Moreover, the government has had no difficulty to cover its financing needs over the past two years, mainly on the local bond market (dong-denominated bonds now account for 60% of total government debt). The yield on 10-year government bonds (residual maturity) gradually declined to an average of 1.9% in Q4 2021, from 2.2% in Q4 2020 and 3.6% in Q4 2019.

In contrast, monetary policy will have less manoeuvring room in 2022. First, inflationary pressures are on the rise. Consumer price inflation slowed in 2020 before accelerating again in 2021, rising from 0.3% y/y in Q1 to an average of 2.7% for the period April-August. In Q4, inflation eased to 1.9%, but it is likely to pick up again in the short term, driven up by the recovery in domestic demand and by higher logistics and transport costs. Before reaching the central bank’s 4% target, higher CPI inflation could lead to policy rate hikes by the end of 2022 (the key policy rate has been held at 4% since October 2020, down from 6% at year-end 2019).

Moreover, the economy’s excessive debt burden is likely to push the central bank to be cautious.

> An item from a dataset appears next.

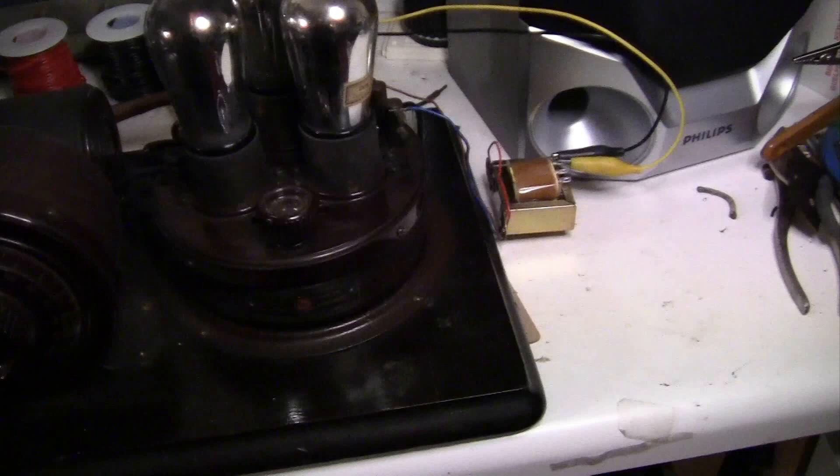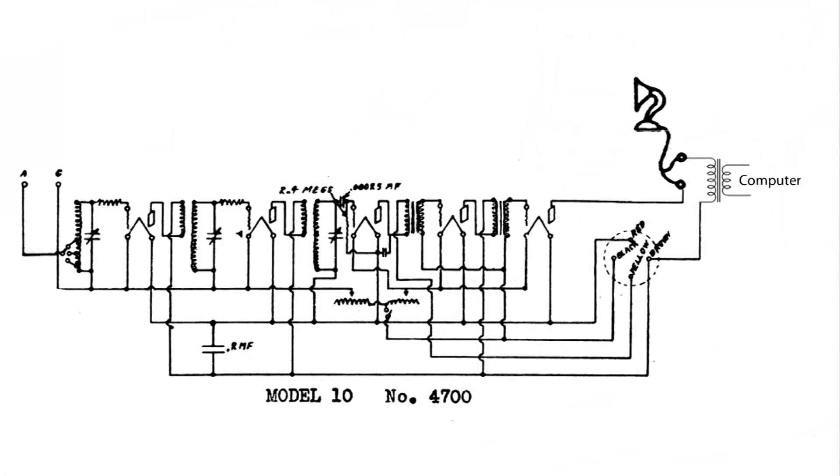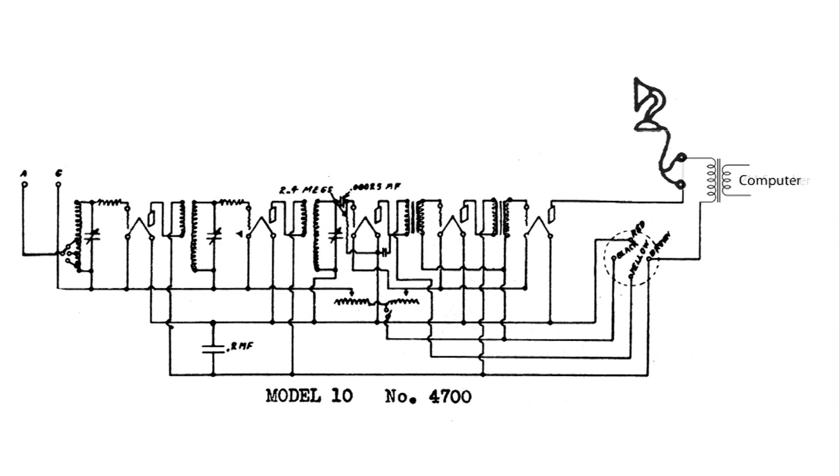MusicMan0150 was wondering what this Atwater-Kent breadboard, model 10, would sound like with a modern PM speaker. In the last video I had this setup, and now I have changed the setup to this. This is just an output transformer going to a modern PM speaker.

Monetary conditions have remained very accommodative since the beginning of the health crisis (given rate cuts, liquidity injections, the easing of macro-prudential rules, and loan rescheduling measures). Domestic credit growth accelerated from 10% y/y in mid-2020 to about 15% in mid-2021, before dipping a bit thereafter. It then levelled off at a persistently high rate of about 14% y/y in Q4. Consequently, total domestic credit represented 139% of GDP in 2021, up from 121% in 2019 (based on the new figures for annual nominal GDP, which was revised up by 25% by the Vietnamese statistics office). The authorities must act to slow down the increase in debt. At the same time, given the troubles some enterprises have encountered in the last two years, coupled with the fragility of some banks (which still lack sufficient capital ratios), an overly rapid tightening of monetary conditions is unlikely as it could result in a dangerous increase in credit risk.